“Duplicate code is a computer programming term for a sequence of source code that occurs more than once, either within a program or across different programs owned or maintained by the same entity. Duplicate code is generally considered undesirable for a number of reasons”.
This quote from the almighty truth – Wikipedia says it all – almost.
We believe that Duplicate Code is a lot worse than “undesirable”.
For one thing, we believe that it poses a major threat to maintainability and this article argues why!
The short version of undesirability.
Fixing errors and making changes is risky because one newer knows how many places should be corrected or changed.
Finding the duplications can be tricky because it is difficult to settle the scope of duplication. How many lines of code shall be included in the search for duplets.
And when a duplet is identified – it can be difficult to determine whether the change should be applied to the duplet. To determine this, the programmer has to take some time to grasp at least some of the context, for each duplet found.
At the end of the day, duplet searching is often ignored resulting in accumulated technical debt and increasing risk.

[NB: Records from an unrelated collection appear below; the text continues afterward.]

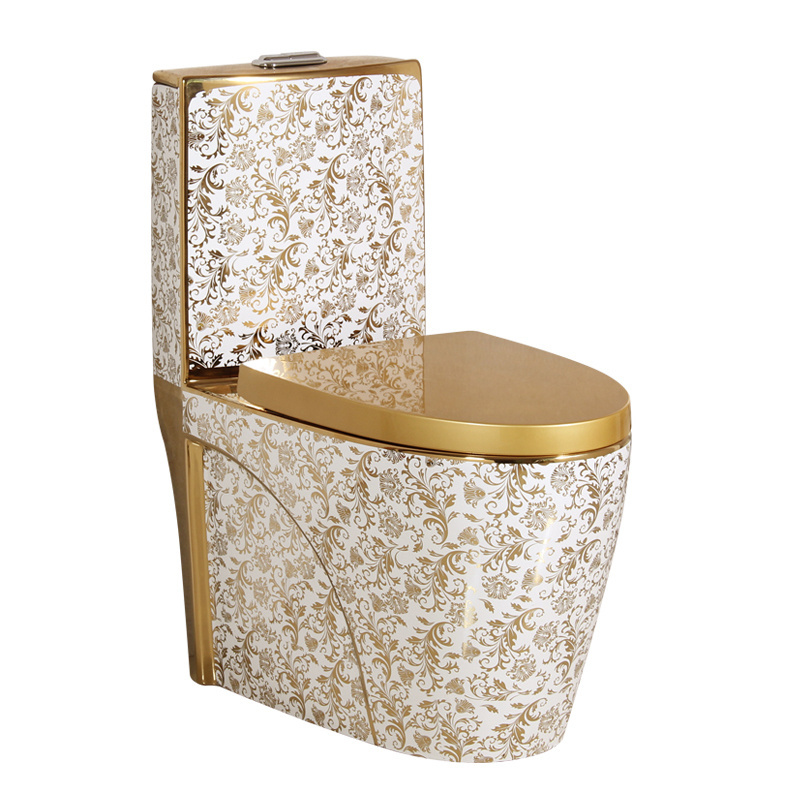 Ceramic bathroom one piece shiphonic water closet luxury silver colored gold wc toilet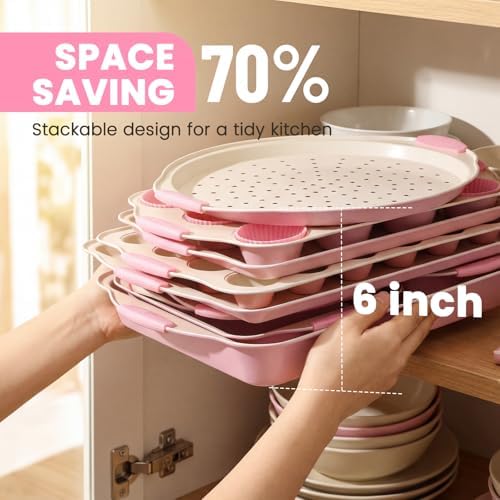 Kikcoin 22 PCS Nonstick Baking Pans Set, Stackable Bakeware Sets with Silicone Handles, 450°F Oven Safe Baking Sheet Set, Easy Release Cookie Sheets for Baking, Pink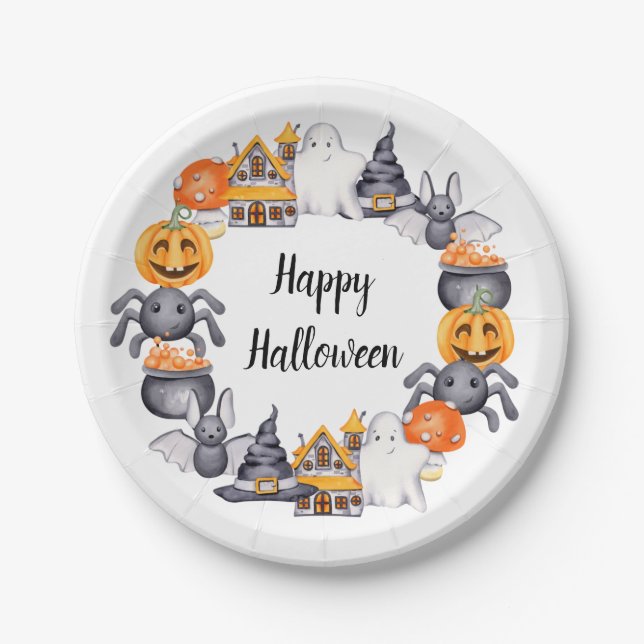 Plato De Papel Cute Happy Halloween Placas de papel de Ilustracio (Anverso)
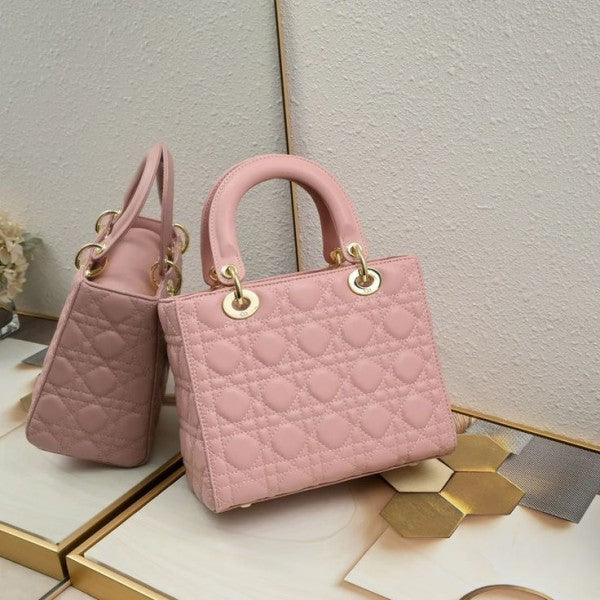 Christian Dior Lady Dior Pink Leather With Original Box, Carry Bag Limited Edition Bags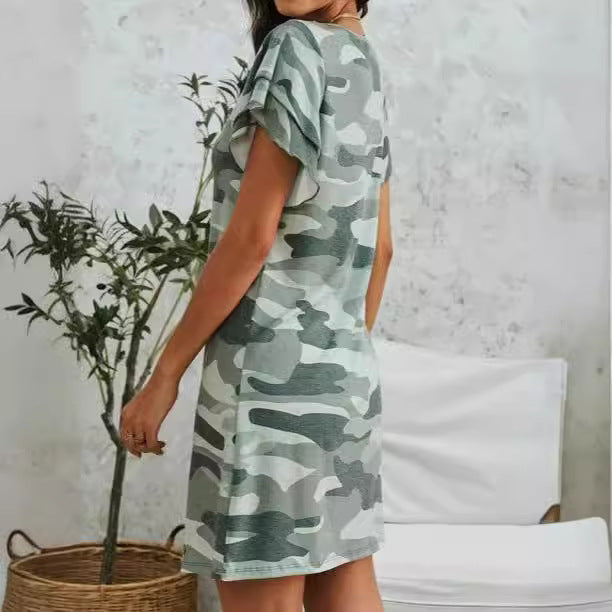Damen Freizeitkleid mit Rüschendetails und Camouflage-Design R&B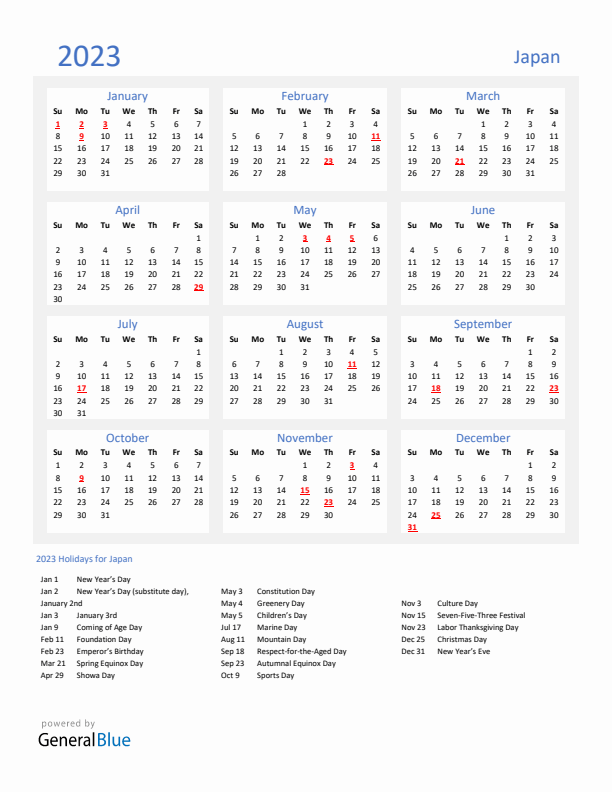 Basic Yearly Calendar with Holidays in Japan for 2023 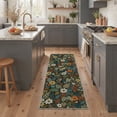 thumbnail image 4 of GENIMO 8'x10' Area Rug for Living Room, Large Machine Washable Non Slip Low Pile Rug for Bedroom Dining Room, Soft Floral, Forest Green, 4 of 7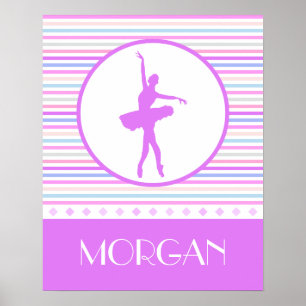 Horizontal Stripes Ballerina Dancer with Monogram Poster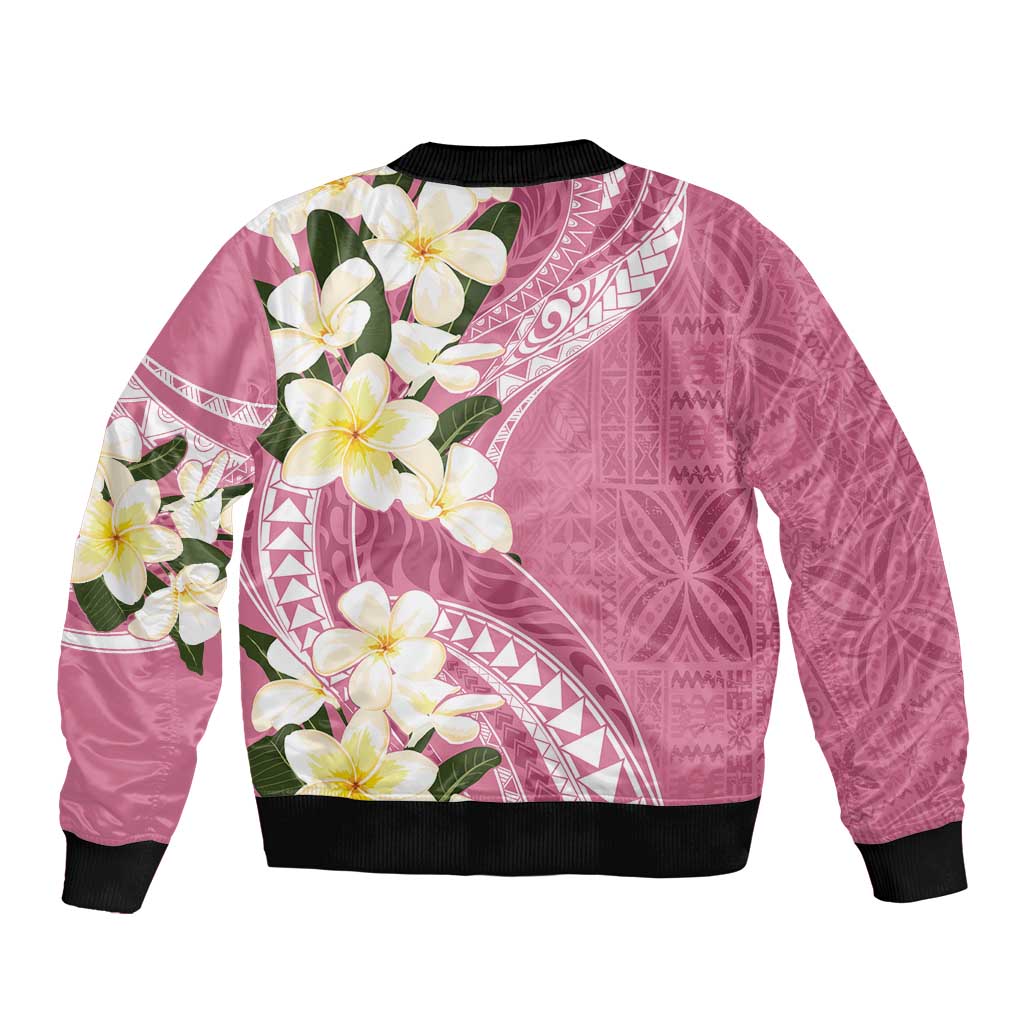 Aloha Hawaii Festive Sleeve Zip Bomber Jacket Frangipani Lace Classic - Rosy LT7 - Polynesian Pride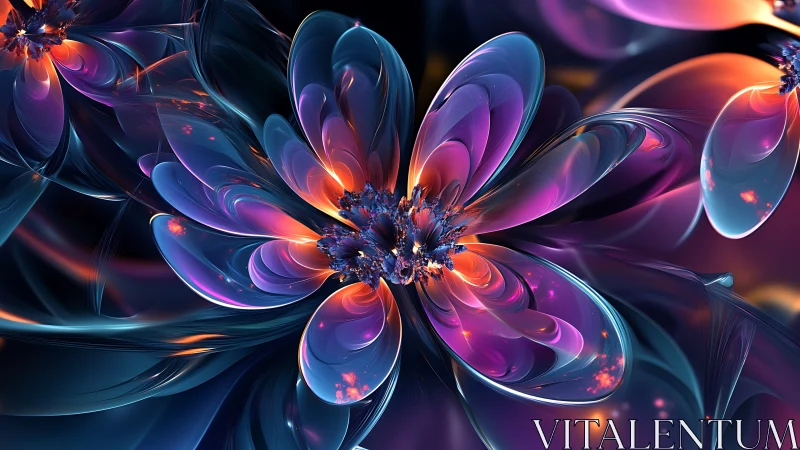 Fractal luminescent petals in iridescent neon spectral bloom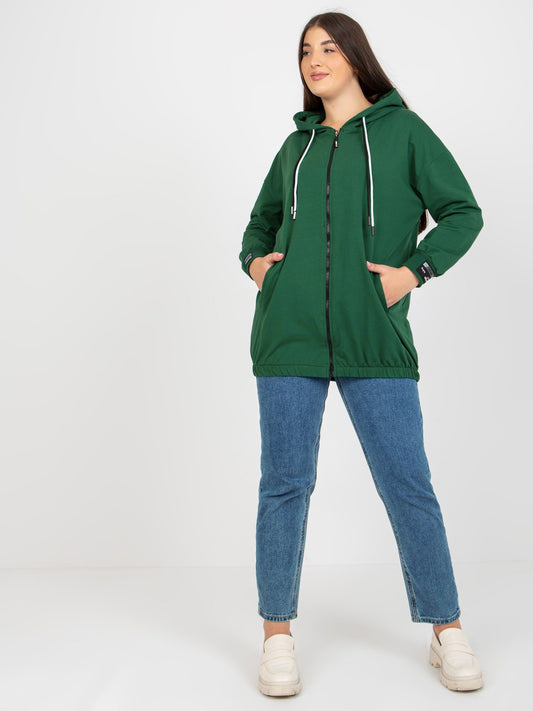 Ciemnozielona rozpinana bluza plus size z kapturem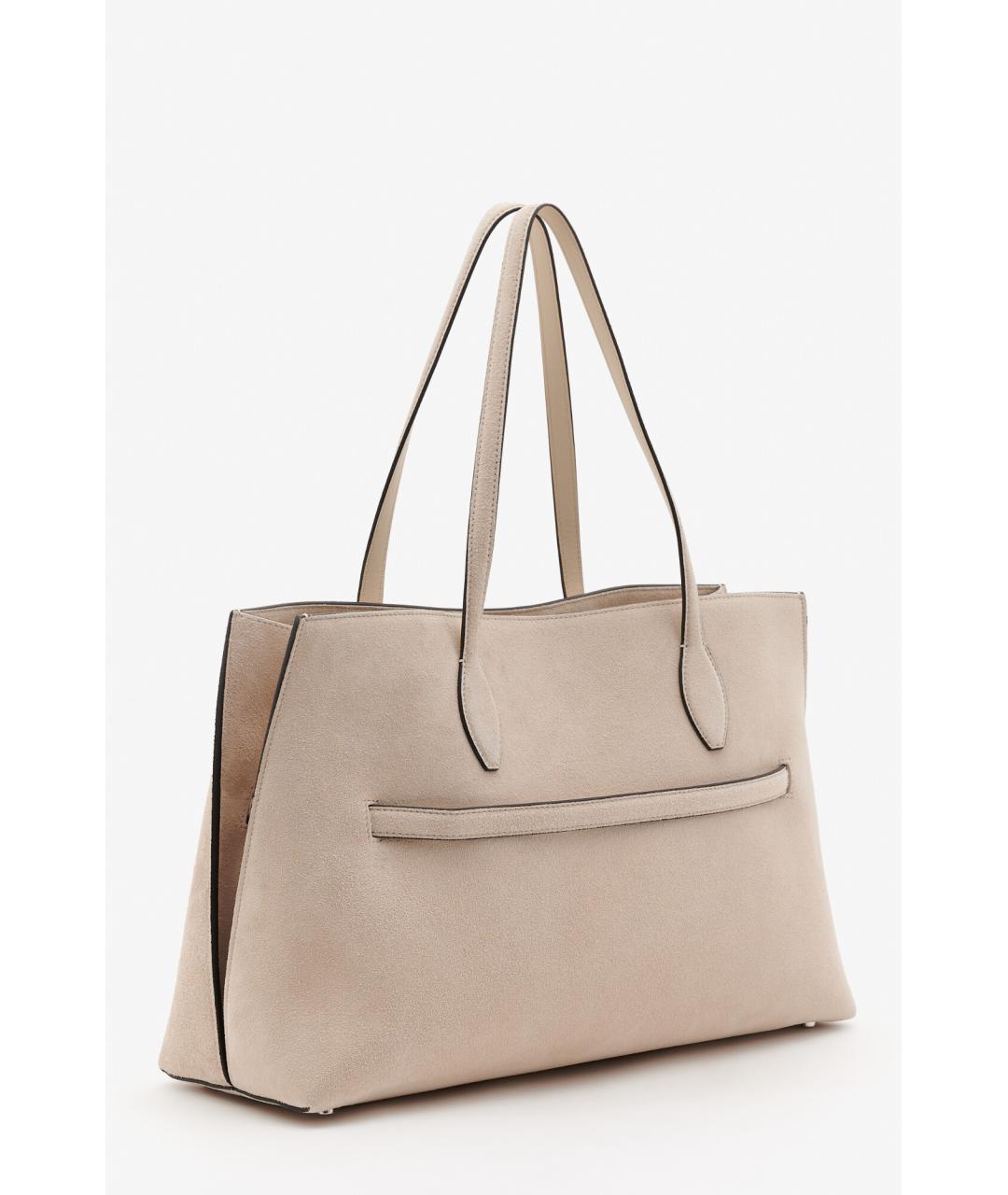 TOTEME Бежевая замшевая сумка тоут, фото 3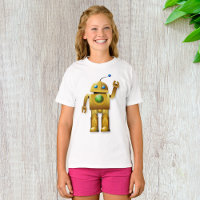Camiseta-T-Raparigas Robô Amigáveis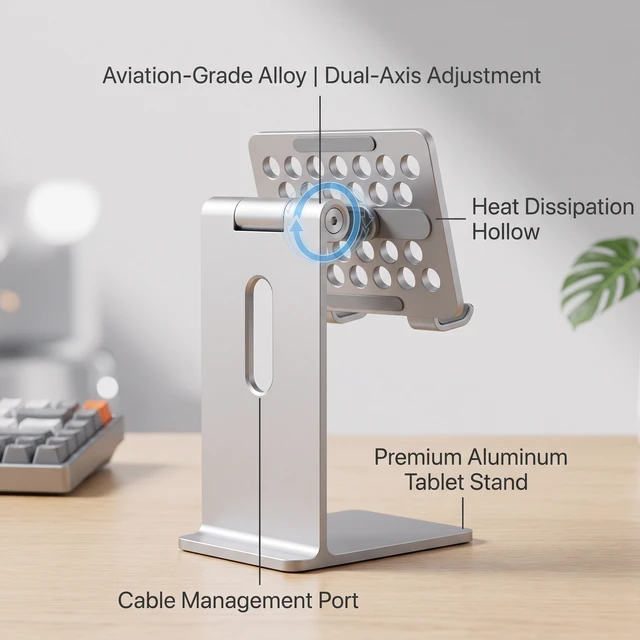 Alt view image 3 of 6 - Adjustable Cell Phone Stand,Aluminum Alloy Cellphone Holder Stand, Cell Phone Charger Stand for iPhone,soporte para Tablet,Compatible with Tablets and Smartphones up to 12.9 inches - Grey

The longer version – the payroll sample.
Say you implemented a piece of code that makes a payroll for doctors. This goes well and you also get the job of making payrolls for nurses. Even though the tasks are quite similar, there are significant differences.
The fastest way forward is to make a copy of the doctor payroll software and adjust the copy for the nurse’s business payroll logic.
After some time there is a change of business rule that affects all employees. Implementing this change means adjusting both the doctor’s and the nurse’s payroll software.
You adjust the doctor’s payroll software and make the same adjustment to the source code for the nurse’s payroll. Almost but not quite double work, since the “figuring out” work was done the first time.
In a real-world scenario, it is very easy to forget that you also made a source code copy for the janitor’s payroll software, so the janitors are forgotten. The standard testing procedure catches this and the problem is easily fixed.
Even so, the business case of duplication might still hold for a while.
However, the problem mounts up in maintenance.
A bug is discovered in the nurse’s payroll software and you fix it. The good question is – did you fix the error in an area of the source code that is copied from the doctor’s payroll or is it in the source code that only exists in the nurses’ payroll.
The bug was found only in the nurse’s payroll system – so it is a good guess that the error originated from the source code used only for the nurses’ payroll system.
In many real-world situations, there is no systematic search for copies of the erroneous code.
Bear with me for a short detour on the nature of bugs.
Most bugs are found and corrected during tests. Automated or human.
The surviving bugs that make it into production have in other words been able to hide in some use-case and status combination that has not been tested. The number of combinations is endless and there is no such thing as error-free source code or 100% code (test) coverage.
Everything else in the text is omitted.